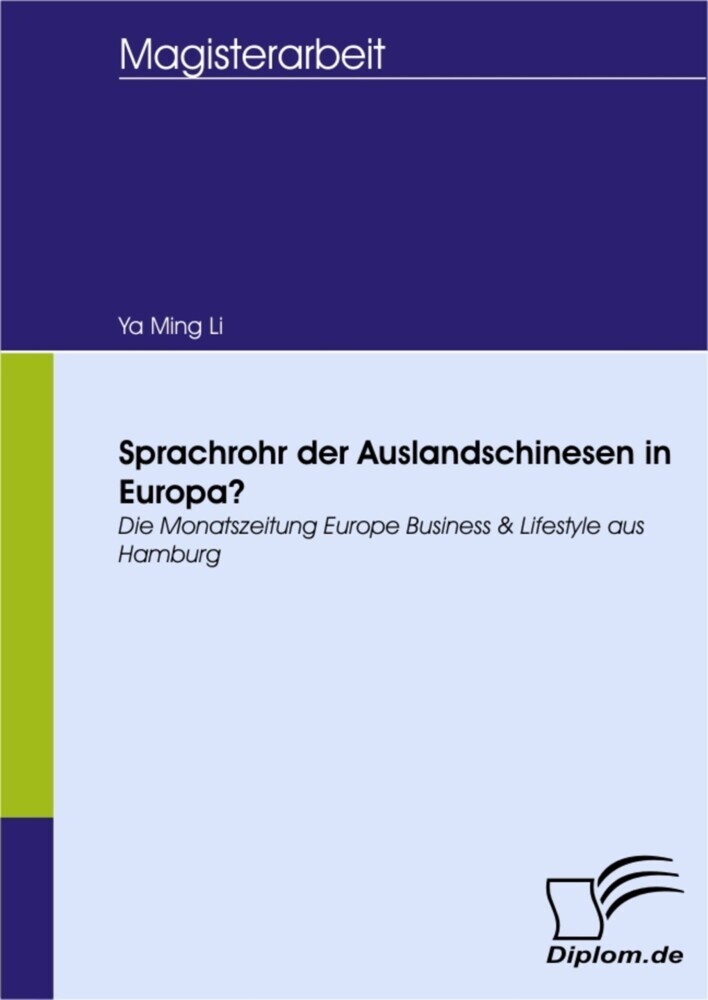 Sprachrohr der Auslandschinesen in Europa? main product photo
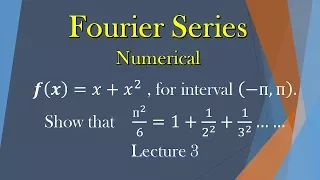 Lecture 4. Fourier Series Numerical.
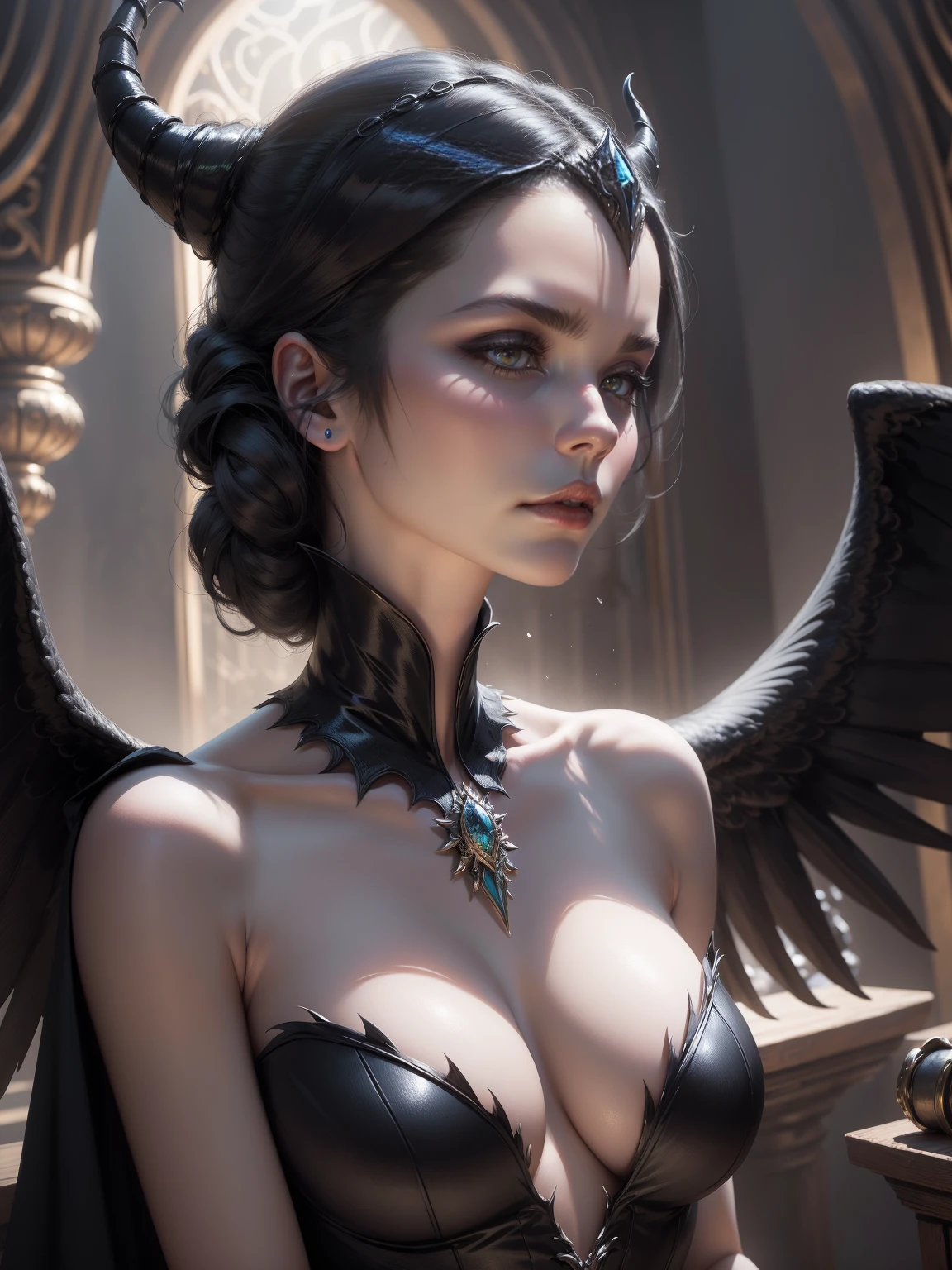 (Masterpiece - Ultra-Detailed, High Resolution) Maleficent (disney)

...

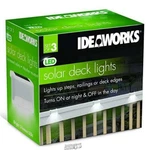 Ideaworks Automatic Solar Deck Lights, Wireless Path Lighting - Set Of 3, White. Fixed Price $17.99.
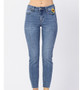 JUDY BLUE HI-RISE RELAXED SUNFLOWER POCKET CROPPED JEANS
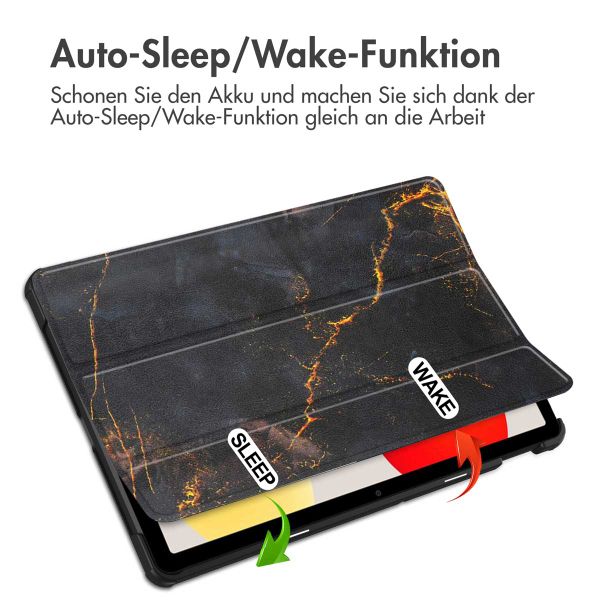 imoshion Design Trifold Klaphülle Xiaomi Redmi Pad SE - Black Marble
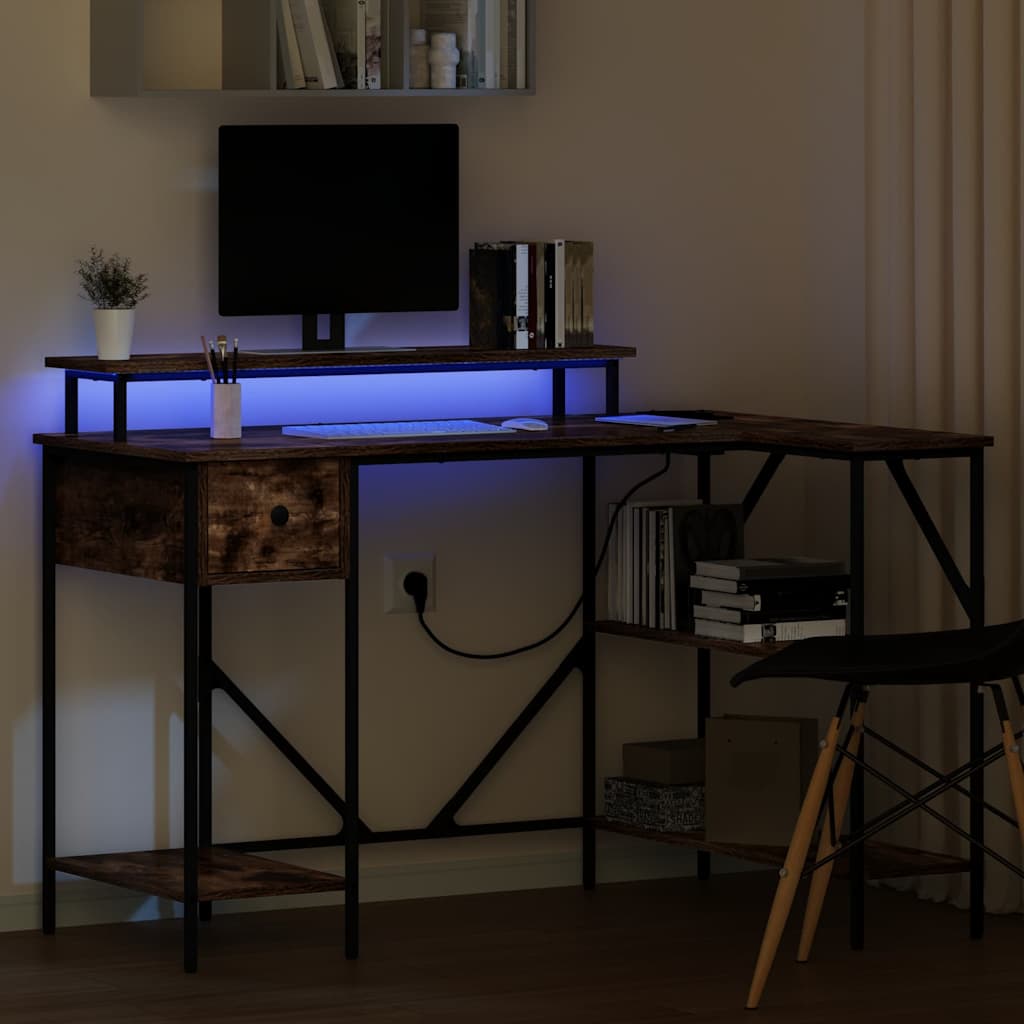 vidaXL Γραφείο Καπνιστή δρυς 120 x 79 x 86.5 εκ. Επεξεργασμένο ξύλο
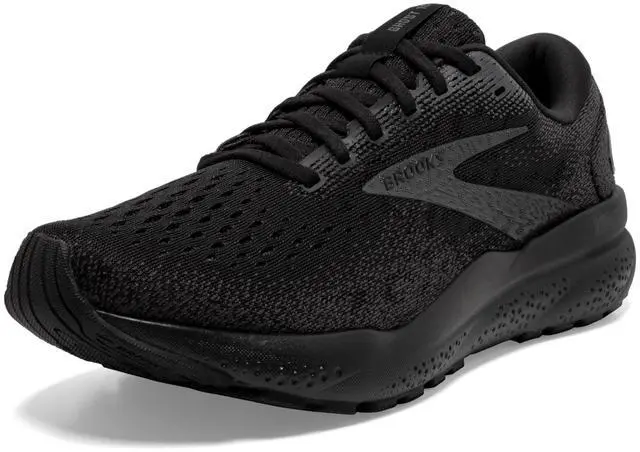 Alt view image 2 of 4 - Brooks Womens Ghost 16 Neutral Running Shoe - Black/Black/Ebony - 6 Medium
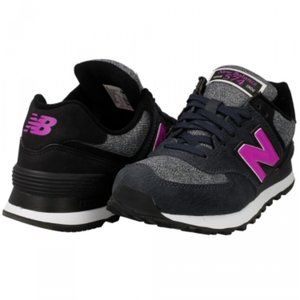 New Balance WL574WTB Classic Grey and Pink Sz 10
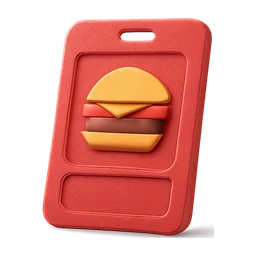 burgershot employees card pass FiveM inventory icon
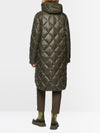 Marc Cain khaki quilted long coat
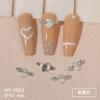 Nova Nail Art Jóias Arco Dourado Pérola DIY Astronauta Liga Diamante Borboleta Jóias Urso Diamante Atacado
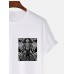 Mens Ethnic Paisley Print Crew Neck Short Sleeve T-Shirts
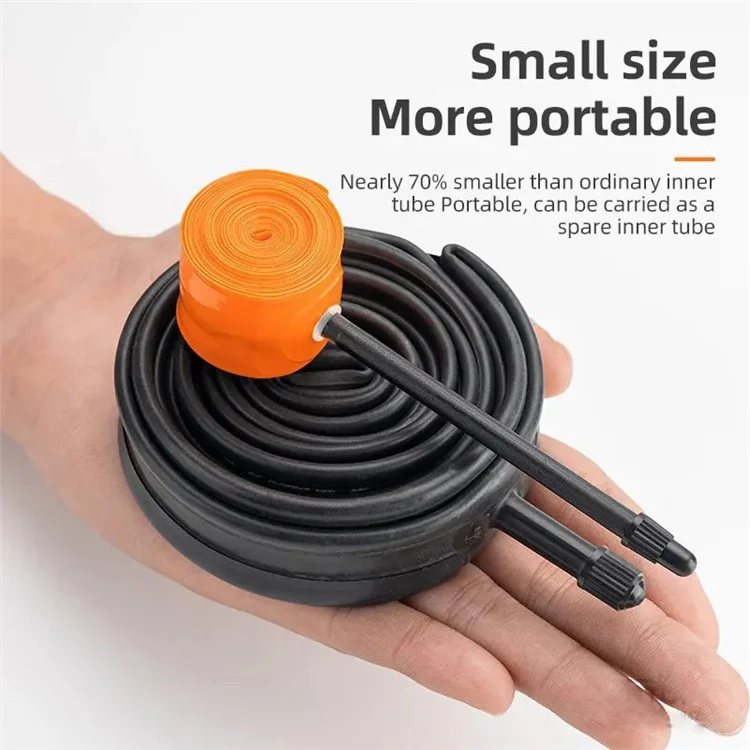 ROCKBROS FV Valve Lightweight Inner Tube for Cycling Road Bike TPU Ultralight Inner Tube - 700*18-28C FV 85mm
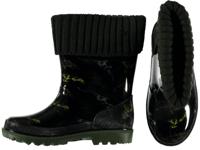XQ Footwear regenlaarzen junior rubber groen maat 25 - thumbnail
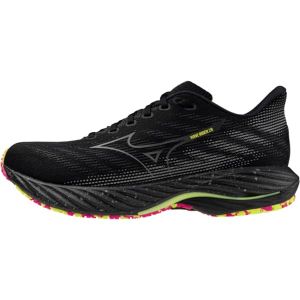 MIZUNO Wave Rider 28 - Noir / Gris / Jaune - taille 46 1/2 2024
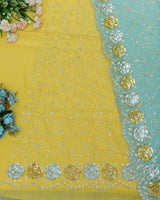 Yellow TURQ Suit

* * *

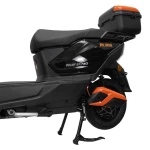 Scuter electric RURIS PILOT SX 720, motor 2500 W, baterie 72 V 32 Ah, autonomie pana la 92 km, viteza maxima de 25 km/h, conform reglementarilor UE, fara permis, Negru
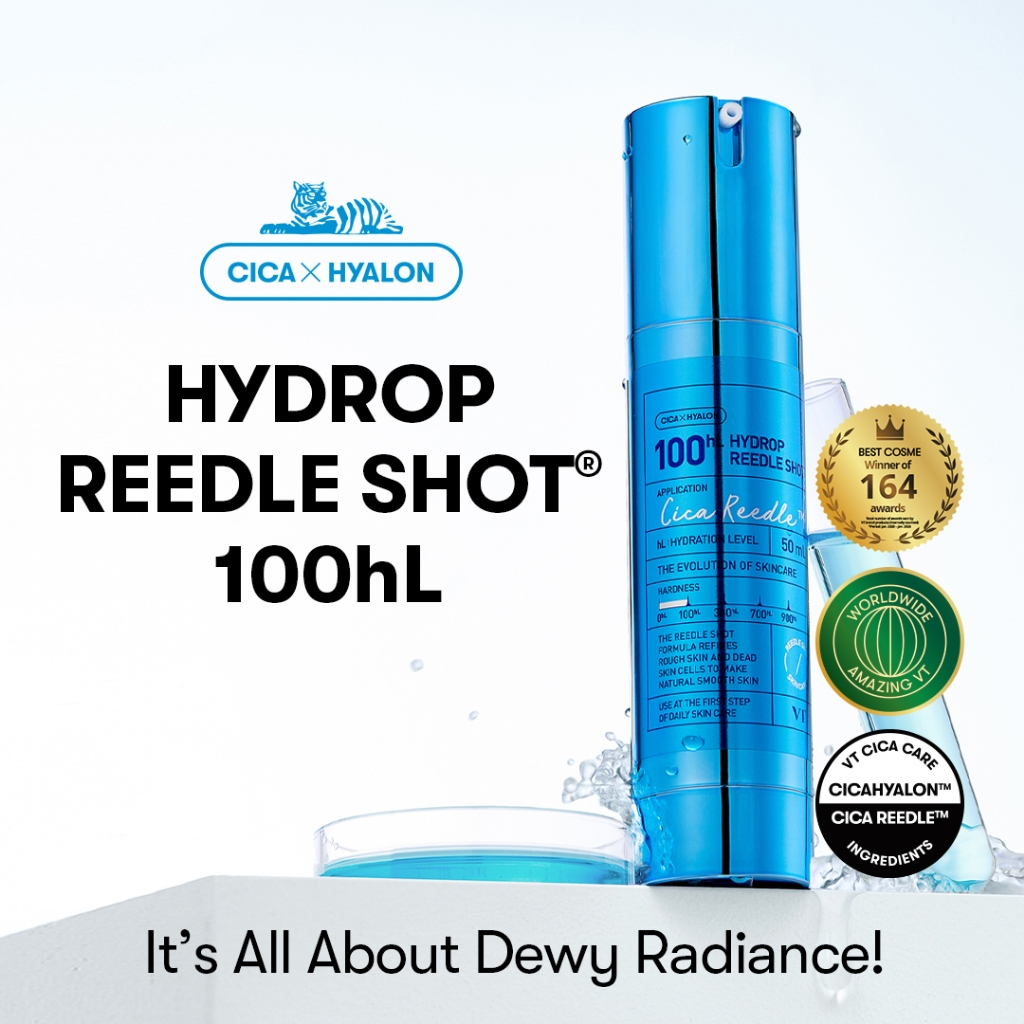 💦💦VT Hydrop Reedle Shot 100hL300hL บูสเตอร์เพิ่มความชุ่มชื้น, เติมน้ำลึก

### TASK PROMPT
Reproduce exactly the lines of the data above that run from the line with "Alt view image" down to the line with "Yellow TURQ Suit", both ends included. Pictures do not belong in the copy.

### WRITTEN REPLY
 Alt view image 2 of 4 - Brooks Womens Ghost 16 Neutral Running Shoe - Black/Black/Ebony - 6 Medium
 New Balance WL574WTB Classic Grey and Pink Sz 10
 burgershot employees card pass FiveM inventory icon
 Marc Cain khaki quilted long coat
 Nova Nail Art Jóias Arco Dourado Pérola DIY Astronauta Liga Diamante Borboleta Jóias Urso Diamante Atacado
 Mens Ethnic Paisley Print Crew Neck Short Sleeve T-Shirts
 ROCKBROS FV Valve Lightweight Inner Tube for Cycling Road Bike TPU Ultralight Inner Tube - 700*18-28C FV 85mm
XQ Footwear regenlaarzen junior rubber groen maat 25 - thumbnail
 MIZUNO Wave Rider 28 - Noir / Gris / Jaune - taille 46 1/2 2024
 Yellow TURQ Suit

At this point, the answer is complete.